The full listing should be reproduced exactly as it appears.
###
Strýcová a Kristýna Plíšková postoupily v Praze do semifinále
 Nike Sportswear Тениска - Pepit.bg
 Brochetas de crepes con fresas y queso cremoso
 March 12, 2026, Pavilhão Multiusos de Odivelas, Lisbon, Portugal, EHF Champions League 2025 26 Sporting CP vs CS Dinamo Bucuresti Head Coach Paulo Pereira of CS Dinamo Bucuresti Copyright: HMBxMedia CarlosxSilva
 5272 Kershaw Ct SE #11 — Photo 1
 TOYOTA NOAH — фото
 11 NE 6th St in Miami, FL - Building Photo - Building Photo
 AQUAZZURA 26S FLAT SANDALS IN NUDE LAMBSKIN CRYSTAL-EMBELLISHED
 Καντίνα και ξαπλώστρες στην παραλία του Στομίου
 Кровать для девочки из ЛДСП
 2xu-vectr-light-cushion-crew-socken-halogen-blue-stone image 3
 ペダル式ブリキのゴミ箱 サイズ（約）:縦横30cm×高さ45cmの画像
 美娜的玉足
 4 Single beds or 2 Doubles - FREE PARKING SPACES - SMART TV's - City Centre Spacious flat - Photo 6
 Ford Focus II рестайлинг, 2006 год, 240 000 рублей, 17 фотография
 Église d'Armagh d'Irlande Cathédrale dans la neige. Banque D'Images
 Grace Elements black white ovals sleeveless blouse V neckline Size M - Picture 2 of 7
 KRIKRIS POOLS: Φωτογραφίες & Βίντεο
###
Answer:
Strýcová a Kristýna Plíšková postoupily v Praze do semifinále
 Nike Sportswear Тениска - Pepit.bg
 Brochetas de crepes con fresas y queso cremoso
 March 12, 2026, Pavilhão Multiusos de Odivelas, Lisbon, Portugal, EHF Champions League 2025 26 Sporting CP vs CS Dinamo Bucuresti Head Coach Paulo Pereira of CS Dinamo Bucuresti Copyright: HMBxMedia CarlosxSilva
 5272 Kershaw Ct SE #11 — Photo 1
 TOYOTA NOAH — фото
 11 NE 6th St in Miami, FL - Building Photo - Building Photo
 AQUAZZURA 26S FLAT SANDALS IN NUDE LAMBSKIN CRYSTAL-EMBELLISHED
 Καντίνα και ξαπλώστρες στην παραλία του Στομίου
 Кровать для девочки из ЛДСП
 2xu-vectr-light-cushion-crew-socken-halogen-blue-stone image 3
 ペダル式ブリキのゴミ箱 サイズ（約）:縦横30cm×高さ45cmの画像
 美娜的玉足
 4 Single beds or 2 Doubles - FREE PARKING SPACES - SMART TV's - City Centre Spacious flat - Photo 6
 Ford Focus II рестайлинг, 2006 год, 240 000 рублей, 17 фотография
 Église d'Armagh d'Irlande Cathédrale dans la neige. Banque D'Images
 Grace Elements black white ovals sleeveless blouse V neckline Size M - Picture 2 of 7
 KRIKRIS POOLS: Φωτογραφίες & Βίντεο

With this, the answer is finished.